Web page already open (in source format); just need to read that text, using Selenium

1.7k views Asked by At

Let's say I have a tab already open in the browswer. Its URL is:

view-source:http://www.google.com/webhp?source=search_app

Now that it's already open and displayed, I just want to read the text that's in the client window. (Get a context to the page, or obtain its object (as opposed to creating a new browser object), or whatever. Then just read the page.)

Is there any methodology in Selenium, Splinter that allows for that? Thanks for any help.

3

There are 3 answers

0
Robbie Wareham On BEST ANSWER

If you are asking if you can attach to an already open browser, then I believe the answer is "No".

0
lefloh On

You can get the Source of the page directly with Selenium: WebDriver.getPageSource().

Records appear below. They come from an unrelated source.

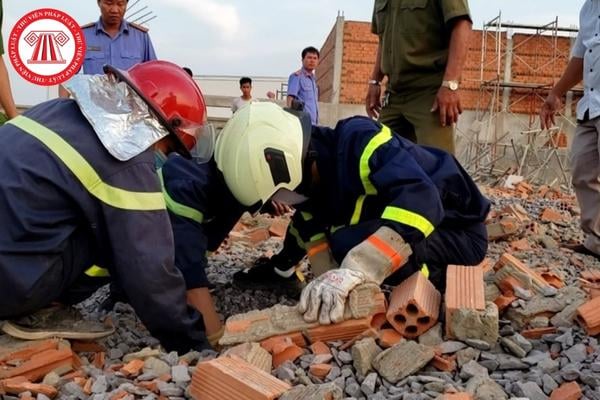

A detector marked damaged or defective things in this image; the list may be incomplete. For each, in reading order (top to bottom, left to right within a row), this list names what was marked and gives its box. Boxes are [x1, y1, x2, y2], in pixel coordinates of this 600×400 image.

broken brick [492, 255, 552, 296]
broken brick [384, 272, 440, 338]
broken brick [446, 266, 488, 340]
broken brick [576, 296, 600, 336]
broken brick [0, 376, 57, 398]
broken brick [0, 348, 73, 382]
broken brick [119, 358, 144, 376]
broken brick [189, 354, 290, 398]
broken brick [272, 344, 302, 368]
broken brick [310, 340, 332, 356]
broken brick [310, 364, 332, 380]
broken brick [380, 330, 404, 348]
broken brick [552, 382, 584, 400]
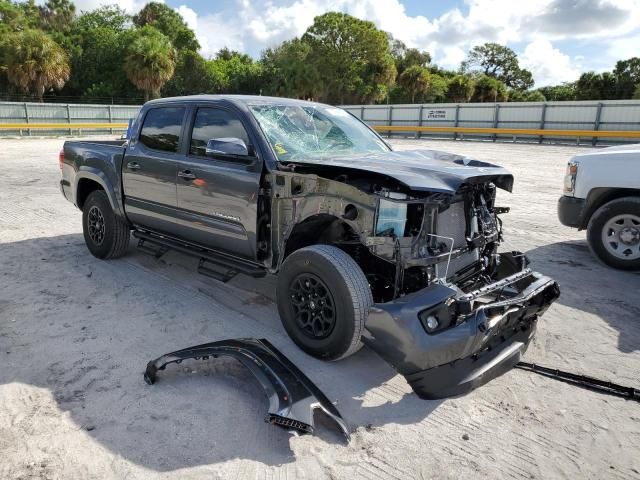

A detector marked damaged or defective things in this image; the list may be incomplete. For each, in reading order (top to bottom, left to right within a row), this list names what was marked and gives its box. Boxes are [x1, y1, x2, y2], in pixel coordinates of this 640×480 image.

cracked windshield [250, 103, 390, 161]
shattered glass on windshield [250, 103, 390, 161]
wrecked pickup truck [61, 94, 560, 398]
crumpled front end [362, 255, 556, 402]
damaged chrome bumper [362, 266, 556, 398]
detached fender [144, 336, 350, 440]
damaged chrome bumper [144, 338, 350, 438]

But if you use view-source:url the browser will present you a html-page including the formatted source. Firefox e.g. is wrapping each line in a <span id="lineX"></span>. Instead of parsing this just use getPageSource without view-source.

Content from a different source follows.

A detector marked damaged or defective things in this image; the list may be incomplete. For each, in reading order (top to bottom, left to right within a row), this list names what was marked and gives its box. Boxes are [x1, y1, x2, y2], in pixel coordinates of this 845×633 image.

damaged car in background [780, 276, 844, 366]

Please read carefully the documentation of getPageSource:

Get the source of the last loaded page. If the page has been modified after loading (for example, by Javascript) there is no guarantee that the returned text is that of the modified page. Please consult the documentation of the particular driver being used to determine whether the returned text reflects the current state of the page or the text last sent by the web server. The page source returned is a representation of the underlying DOM: do not expect it to be formatted or escaped in the same way as the response sent from the web server. Think of it as an artist's impression.

0
coding_idiot On

This is what I used to do :

  1. Ask selenium to open a browser
  2. Show a popup/message window to pause execution
  3. Open the URL in the browser and perform all the related operations manually
  4. When I'm done (i.e. on the target page), I click OK on the popup and then the code resumes, extracting/doing the tasks we want on the target page opened currently in the browser.